O aumento da visibilidade e da qualidade da
nossa arquitectura e engenharia, que a todos nos deve orgulhar, e a prática
comum de trabalhos notáveis de grande arquitectura que só se conseguem com
grande engenharia, e vice-versa, como são bom exemplo boa parte da produção
mais recente de Siza Vieira, levou a um entendimento comum de que
arquitectos e engenheiros são pares na procura incessante de fazer melhor,
mais barato e mais duradouro.
A revogação desta lei será talvez a mais
transversal das medidas reclamadas por sucessivas direcções da Associação de
Arquitectos e da Ordem. Será por isso uma vitória colectiva, mas é justo
sublinhar o papel de Nuno Teotónio Pereira (o primeiro signatário da petição
pública), Olga Quintanilha, Helena Roseta e João Rodeia - os três
presidentes do CDN da Ordem dos Arquitectos. O movimento da petição pública
iniciado pela direcção de Helena Roseta, utilizando pela primeira vez esta
figura cívica de participação, aumentou a visibilidade do problema. Mostrou
aos decisores políticos que o problema não era dos arquitectos mas do Pais.
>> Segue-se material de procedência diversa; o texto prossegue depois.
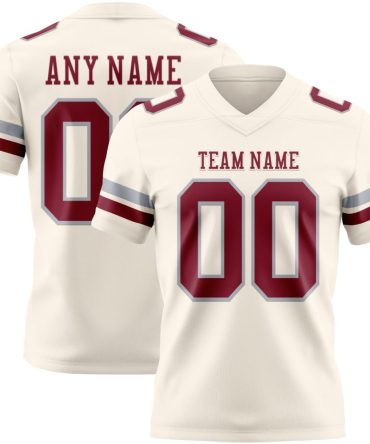 Custom Cream Crimson-Gray Authentic Football Jersey, Gift For Football Fans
À direcção de João Rodeia cabe o mérito do trabalho de gabinete, de
negociação e de conciliação de posições com as demais ordens e com o governo.
A este governo cabe o mérito de ter resolvido um problema que nenhum outro,
desde o 25 de Abril, tinha resolvido. Ao cair do pano da legislatura, revoga
uma lei que há 36 anos era contestada e nomeia, pela primeira vez, uma
comissão de iniciativa governamental para propor a Politica Nacional de
Arquitectura. A terminar a legislatura, o primeiro-ministro que é, ele
próprio, autor de projectos menores, terá compreendido a mudança dos tempos
e a necessidade de exigência de qualificação dos projectistas. Alterando a
lei, subtrai a ele próprio essa capacidade. A partir de hoje o engº José
Socrates já não pode fazer projectos de arquitectura.